What is being asked: Each line of the entries, from the first to the line containing "Burberry Scarf Scarves", is to be transcribed exactly as it stands; include no other lines.

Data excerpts
_ _ _

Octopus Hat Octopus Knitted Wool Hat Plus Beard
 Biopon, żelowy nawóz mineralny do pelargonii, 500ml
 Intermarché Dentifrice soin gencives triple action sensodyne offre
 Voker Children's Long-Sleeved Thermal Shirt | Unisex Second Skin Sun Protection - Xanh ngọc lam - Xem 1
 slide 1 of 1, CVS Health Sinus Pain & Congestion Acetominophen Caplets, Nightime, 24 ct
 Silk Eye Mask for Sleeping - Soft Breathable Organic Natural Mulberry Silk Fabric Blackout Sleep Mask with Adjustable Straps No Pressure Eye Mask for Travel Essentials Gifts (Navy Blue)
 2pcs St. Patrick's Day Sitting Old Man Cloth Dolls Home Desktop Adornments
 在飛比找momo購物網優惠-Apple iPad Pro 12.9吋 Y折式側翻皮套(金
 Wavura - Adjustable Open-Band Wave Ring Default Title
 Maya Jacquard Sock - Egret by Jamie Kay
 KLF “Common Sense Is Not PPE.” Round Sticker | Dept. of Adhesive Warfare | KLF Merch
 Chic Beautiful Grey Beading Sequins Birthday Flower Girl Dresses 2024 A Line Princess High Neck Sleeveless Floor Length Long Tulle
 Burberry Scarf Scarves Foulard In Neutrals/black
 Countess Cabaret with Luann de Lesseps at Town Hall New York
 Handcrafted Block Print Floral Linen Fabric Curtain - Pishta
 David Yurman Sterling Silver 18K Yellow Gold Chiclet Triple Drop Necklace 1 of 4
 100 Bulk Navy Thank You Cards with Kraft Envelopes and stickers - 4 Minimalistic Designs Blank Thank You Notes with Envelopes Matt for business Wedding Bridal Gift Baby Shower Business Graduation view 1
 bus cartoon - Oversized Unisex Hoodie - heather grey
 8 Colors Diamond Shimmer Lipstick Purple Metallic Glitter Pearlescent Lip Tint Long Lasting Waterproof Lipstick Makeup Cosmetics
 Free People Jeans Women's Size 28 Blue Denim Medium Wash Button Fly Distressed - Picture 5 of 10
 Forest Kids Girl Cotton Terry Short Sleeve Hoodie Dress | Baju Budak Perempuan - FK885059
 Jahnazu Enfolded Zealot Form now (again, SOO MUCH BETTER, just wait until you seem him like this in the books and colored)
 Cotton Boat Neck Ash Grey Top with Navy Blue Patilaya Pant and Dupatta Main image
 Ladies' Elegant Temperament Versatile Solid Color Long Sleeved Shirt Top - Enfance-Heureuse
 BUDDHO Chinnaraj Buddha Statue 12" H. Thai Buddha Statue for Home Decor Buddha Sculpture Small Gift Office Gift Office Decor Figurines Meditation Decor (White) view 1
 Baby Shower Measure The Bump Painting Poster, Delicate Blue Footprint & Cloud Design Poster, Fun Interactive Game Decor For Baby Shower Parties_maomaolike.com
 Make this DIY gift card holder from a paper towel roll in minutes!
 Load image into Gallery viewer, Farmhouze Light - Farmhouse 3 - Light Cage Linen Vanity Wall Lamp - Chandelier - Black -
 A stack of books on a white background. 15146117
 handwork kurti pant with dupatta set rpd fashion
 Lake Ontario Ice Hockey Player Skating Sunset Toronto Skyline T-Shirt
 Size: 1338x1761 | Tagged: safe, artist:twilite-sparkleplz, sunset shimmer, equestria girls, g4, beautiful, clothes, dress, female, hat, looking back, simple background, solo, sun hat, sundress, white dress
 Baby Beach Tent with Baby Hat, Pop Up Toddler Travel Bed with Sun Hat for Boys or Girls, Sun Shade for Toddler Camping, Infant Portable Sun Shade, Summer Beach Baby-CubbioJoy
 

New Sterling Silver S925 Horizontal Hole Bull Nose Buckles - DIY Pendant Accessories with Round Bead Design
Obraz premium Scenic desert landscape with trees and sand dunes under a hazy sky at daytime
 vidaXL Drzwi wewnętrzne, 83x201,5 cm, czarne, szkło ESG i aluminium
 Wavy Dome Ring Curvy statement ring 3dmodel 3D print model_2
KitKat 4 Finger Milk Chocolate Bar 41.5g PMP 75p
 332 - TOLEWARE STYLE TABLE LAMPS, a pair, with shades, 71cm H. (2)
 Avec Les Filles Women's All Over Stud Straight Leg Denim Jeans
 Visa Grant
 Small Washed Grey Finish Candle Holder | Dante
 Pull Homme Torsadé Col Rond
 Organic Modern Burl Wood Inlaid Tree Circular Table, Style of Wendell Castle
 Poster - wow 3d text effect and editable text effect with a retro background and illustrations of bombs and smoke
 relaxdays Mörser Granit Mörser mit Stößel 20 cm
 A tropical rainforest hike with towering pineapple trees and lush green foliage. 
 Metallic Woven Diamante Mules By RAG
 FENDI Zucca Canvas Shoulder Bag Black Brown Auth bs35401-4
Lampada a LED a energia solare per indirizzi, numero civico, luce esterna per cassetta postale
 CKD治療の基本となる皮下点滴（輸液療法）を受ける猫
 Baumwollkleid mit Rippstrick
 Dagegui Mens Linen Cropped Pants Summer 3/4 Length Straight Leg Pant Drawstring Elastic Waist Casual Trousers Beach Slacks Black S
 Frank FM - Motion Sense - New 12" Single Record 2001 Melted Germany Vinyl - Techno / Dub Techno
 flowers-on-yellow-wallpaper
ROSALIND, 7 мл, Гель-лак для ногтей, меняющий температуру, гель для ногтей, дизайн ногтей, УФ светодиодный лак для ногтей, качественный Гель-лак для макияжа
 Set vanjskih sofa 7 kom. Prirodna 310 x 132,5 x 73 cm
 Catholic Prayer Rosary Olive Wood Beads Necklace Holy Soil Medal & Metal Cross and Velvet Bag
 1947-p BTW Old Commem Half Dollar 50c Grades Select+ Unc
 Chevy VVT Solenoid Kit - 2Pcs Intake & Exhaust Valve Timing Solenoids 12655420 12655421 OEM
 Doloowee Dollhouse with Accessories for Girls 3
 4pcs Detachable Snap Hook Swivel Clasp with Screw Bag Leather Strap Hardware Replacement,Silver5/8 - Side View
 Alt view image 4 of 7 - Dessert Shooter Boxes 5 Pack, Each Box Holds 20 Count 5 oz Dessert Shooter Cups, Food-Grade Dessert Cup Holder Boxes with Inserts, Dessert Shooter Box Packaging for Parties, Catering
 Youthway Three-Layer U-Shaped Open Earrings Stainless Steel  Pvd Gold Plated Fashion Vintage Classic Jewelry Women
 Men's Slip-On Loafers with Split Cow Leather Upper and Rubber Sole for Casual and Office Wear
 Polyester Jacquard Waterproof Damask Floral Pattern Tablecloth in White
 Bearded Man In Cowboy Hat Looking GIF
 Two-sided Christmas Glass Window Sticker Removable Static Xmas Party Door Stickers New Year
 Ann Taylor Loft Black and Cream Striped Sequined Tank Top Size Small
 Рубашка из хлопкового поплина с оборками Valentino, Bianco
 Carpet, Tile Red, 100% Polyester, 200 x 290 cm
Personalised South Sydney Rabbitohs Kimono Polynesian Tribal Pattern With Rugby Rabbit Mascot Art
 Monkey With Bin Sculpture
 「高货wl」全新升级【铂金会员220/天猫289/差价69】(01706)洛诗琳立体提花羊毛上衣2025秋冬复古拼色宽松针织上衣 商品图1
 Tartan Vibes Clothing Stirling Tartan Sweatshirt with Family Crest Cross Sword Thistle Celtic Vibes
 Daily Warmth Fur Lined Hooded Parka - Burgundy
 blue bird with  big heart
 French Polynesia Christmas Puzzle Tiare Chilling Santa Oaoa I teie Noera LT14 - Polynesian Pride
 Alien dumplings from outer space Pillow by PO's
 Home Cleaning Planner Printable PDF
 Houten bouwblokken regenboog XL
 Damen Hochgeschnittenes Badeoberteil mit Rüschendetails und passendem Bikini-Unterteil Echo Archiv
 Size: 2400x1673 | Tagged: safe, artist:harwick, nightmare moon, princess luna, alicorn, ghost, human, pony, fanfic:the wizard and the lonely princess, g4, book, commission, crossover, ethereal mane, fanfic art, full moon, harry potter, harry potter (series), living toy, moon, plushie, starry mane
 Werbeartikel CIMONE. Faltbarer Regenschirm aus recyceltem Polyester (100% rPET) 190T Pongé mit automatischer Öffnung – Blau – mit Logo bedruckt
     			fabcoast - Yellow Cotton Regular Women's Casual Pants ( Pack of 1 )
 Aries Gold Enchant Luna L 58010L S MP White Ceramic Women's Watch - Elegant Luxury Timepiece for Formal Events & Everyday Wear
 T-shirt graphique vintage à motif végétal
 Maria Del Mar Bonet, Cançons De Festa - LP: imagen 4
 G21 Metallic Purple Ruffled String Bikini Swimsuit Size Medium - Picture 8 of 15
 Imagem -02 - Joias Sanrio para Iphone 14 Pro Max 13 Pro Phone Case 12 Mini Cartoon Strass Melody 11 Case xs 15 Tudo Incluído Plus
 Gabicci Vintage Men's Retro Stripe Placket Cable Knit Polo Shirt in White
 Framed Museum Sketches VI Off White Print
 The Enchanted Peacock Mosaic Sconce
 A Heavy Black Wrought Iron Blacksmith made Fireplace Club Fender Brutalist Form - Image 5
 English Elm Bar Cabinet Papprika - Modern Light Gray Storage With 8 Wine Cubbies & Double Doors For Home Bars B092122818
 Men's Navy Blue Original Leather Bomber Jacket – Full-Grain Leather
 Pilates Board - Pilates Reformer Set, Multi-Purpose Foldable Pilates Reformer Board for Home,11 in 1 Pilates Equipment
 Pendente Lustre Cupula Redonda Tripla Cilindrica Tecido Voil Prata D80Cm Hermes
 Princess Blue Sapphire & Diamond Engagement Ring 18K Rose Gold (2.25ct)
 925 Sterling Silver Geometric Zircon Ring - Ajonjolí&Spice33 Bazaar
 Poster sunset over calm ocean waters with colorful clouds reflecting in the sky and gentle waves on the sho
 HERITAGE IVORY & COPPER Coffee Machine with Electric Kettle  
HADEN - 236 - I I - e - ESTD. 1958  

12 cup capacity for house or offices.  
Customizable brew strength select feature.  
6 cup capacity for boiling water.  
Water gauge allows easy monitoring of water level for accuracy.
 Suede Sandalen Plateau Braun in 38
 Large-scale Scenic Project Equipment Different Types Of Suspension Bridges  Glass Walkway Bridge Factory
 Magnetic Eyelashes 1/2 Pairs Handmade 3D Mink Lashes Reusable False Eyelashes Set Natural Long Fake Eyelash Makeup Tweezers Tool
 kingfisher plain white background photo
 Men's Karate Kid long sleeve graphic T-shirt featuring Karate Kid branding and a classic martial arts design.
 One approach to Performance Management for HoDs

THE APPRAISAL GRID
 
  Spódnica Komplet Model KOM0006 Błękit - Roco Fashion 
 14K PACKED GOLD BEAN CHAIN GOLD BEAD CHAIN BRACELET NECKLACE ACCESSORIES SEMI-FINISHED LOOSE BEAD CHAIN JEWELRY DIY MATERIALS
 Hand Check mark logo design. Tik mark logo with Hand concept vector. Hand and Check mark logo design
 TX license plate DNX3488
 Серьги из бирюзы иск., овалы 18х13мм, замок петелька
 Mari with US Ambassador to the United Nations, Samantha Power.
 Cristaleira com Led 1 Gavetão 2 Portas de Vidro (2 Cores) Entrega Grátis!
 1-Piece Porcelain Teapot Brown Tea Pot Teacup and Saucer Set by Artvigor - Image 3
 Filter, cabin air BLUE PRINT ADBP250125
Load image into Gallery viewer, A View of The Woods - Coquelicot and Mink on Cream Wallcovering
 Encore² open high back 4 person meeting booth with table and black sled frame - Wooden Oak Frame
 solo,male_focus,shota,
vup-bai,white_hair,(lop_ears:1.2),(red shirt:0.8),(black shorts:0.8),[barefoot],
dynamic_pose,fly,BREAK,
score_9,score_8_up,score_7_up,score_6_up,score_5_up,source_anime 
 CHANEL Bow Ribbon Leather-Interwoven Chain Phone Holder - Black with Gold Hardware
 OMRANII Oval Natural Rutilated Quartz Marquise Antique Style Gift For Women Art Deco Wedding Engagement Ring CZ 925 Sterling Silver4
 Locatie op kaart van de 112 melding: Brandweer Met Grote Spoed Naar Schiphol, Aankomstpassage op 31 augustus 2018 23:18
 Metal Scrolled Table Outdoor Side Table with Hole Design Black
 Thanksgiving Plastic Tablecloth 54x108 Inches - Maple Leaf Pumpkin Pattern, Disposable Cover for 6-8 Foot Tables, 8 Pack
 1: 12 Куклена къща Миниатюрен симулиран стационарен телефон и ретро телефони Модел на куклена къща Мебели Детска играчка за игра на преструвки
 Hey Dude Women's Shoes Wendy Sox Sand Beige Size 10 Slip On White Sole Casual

_ _ _

Exercise answer:
Octopus Hat Octopus Knitted Wool Hat Plus Beard
 Biopon, żelowy nawóz mineralny do pelargonii, 500ml
 Intermarché Dentifrice soin gencives triple action sensodyne offre
 Voker Children's Long-Sleeved Thermal Shirt | Unisex Second Skin Sun Protection - Xanh ngọc lam - Xem 1
 slide 1 of 1, CVS Health Sinus Pain & Congestion Acetominophen Caplets, Nightime, 24 ct
 Silk Eye Mask for Sleeping - Soft Breathable Organic Natural Mulberry Silk Fabric Blackout Sleep Mask with Adjustable Straps No Pressure Eye Mask for Travel Essentials Gifts (Navy Blue)
 2pcs St. Patrick's Day Sitting Old Man Cloth Dolls Home Desktop Adornments
 在飛比找momo購物網優惠-Apple iPad Pro 12.9吋 Y折式側翻皮套(金
 Wavura - Adjustable Open-Band Wave Ring Default Title
 Maya Jacquard Sock - Egret by Jamie Kay
 KLF “Common Sense Is Not PPE.” Round Sticker | Dept. of Adhesive Warfare | KLF Merch
 Chic Beautiful Grey Beading Sequins Birthday Flower Girl Dresses 2024 A Line Princess High Neck Sleeveless Floor Length Long Tulle
 Burberry Scarf Scarves Foulard In Neutrals/black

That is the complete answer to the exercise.